Different rules apply within the EU (surrender) and outside the EU (extradition).

Due to general agreements in the European Arrest Warrant Act, Sweden cannot extradite a person who has been surrendered to Sweden from another country without certain considerations.

Concerning surrender to another country within the European Union, the Act states that the executing country under certain circumstances must approve a further surrender.

On the other hand, if the extradition concerns a country outside the European Union the authorities in the executing country (the country that surrendered the person) must consent such extradition. Sweden cannot, without such consent, extradite a person, for example to the USA.

What happens in Sweden when a person is surrendered from another EU country?

The authority, in this case the Swedish Prosecution Authority, that issued the arrest warrant is responsible for transporting the suspect to Sweden within a stated time frame, once the other member state has taken a decision to surrender the suspect. The Swedish Prosecution Authority may request assistance from the National Police Board, or a police authority specified by the National Police Board, which is what generally occurs.

An order of detention has previously been issued, which is a precondition for the issuing of an arrest warrant. When the individual lands in Sweden, all regulations concerning the arrest warrant as concerns deprivation of liberty are voided and the Swedish Code of Judicial Procedure applies, as in any national case where an order for the arrest of the individual has been issued in his absence.

The Principle of Speciality applies here, i.e. the person surrendered to Sweden may not be tried for any crimes other than those stated in the arrest warrant and may not be surrendered to another state, unless the original surrendering country grants its permission. In addition, the conditions imposed by the surrendering country also apply.

As soon as the obstacle to the presence of the detainee has ceased to apply, i.e. the detainee is on site in Sweden, a "report shall be made to the Court" (Swedish Code of Judicial Procedure, Chapter 24, Section 17). After this the Court will, without delay, hold a hearing concerning the detention issue, not later than 4 days (96 hours) after the time when the obstacle to the presence of the detainee ceased to apply.

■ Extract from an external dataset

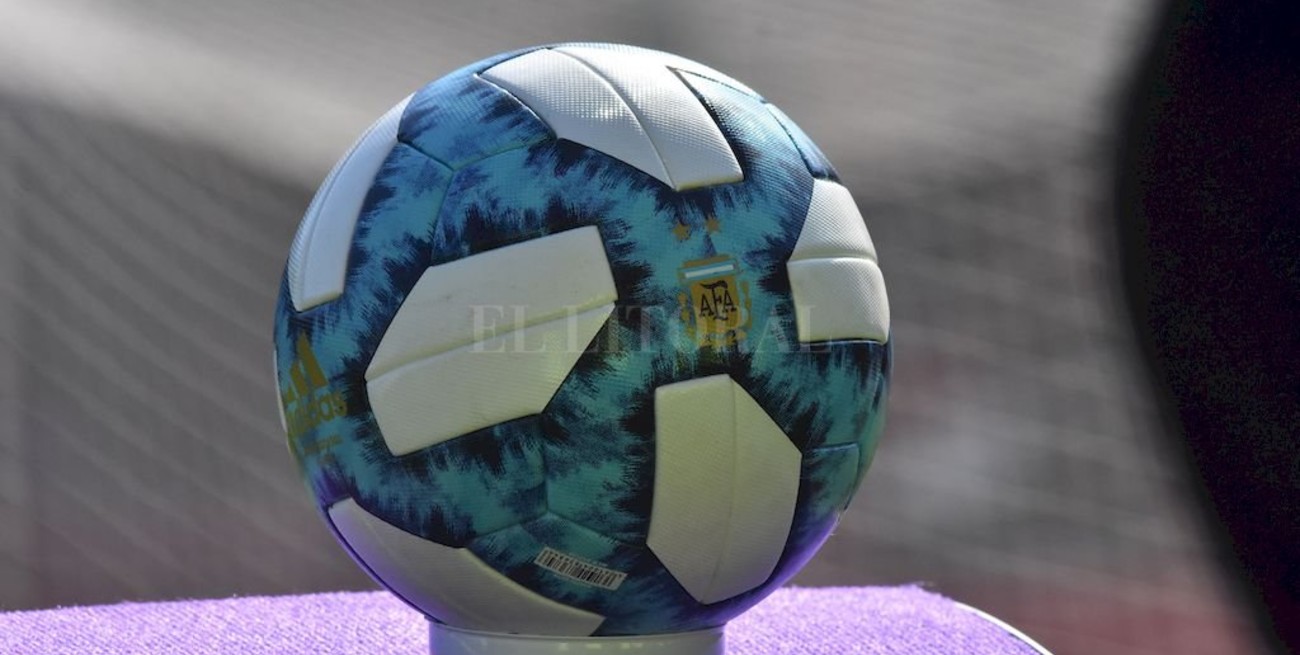 Promedios: Así quedó la tabla finalizada la fecha 1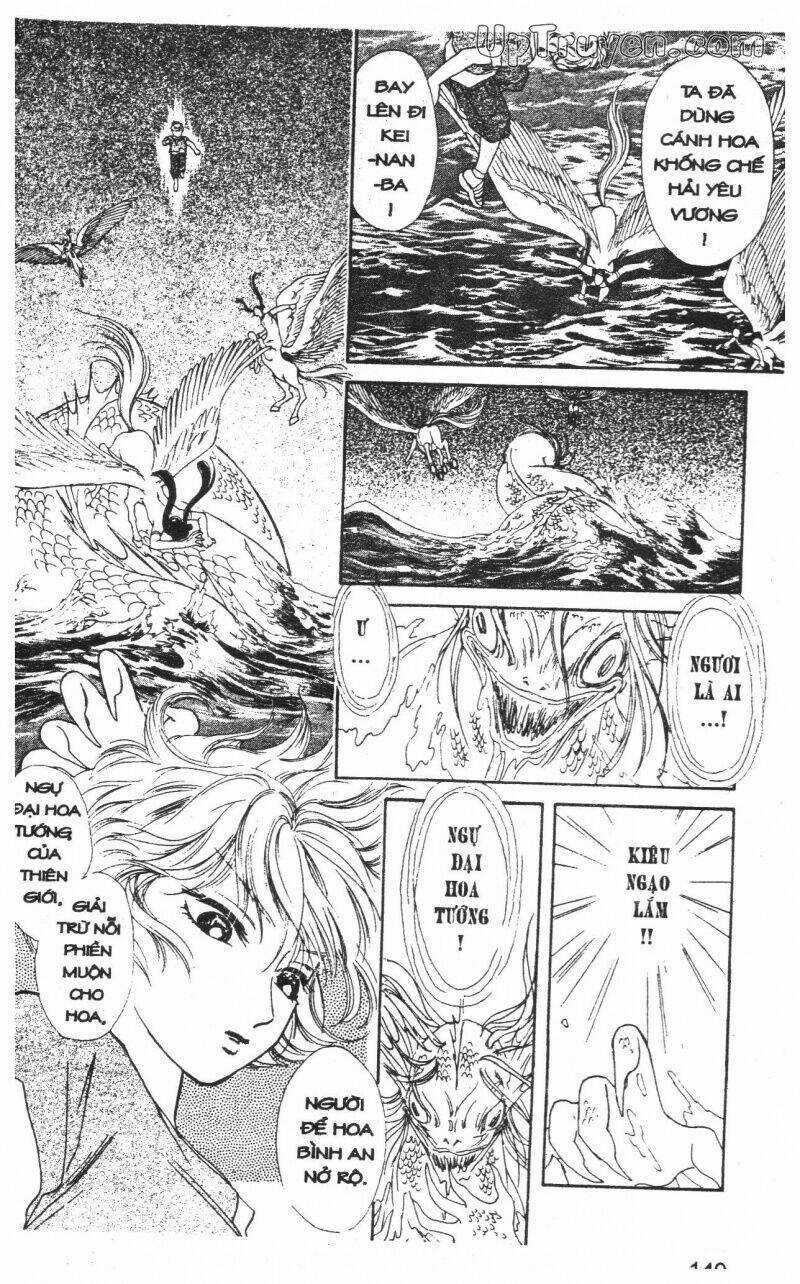 Hoàng Tử Hoa - Bud Boy Chapter 11 trang 143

Consequently, this is a new detention hearing in the presence of the suspect, where he is able to exercise his rights in a better manner than during the hearing he did not attend, but was represented by his legal representative only. When the detention hearing has been concluded, the Court will immediately issue its decision concerning detention. Either the detention will be cancelled or a new detention decision will be taken. A date by which prosecution must be initiated is also issued. The Court's decision may be appealed.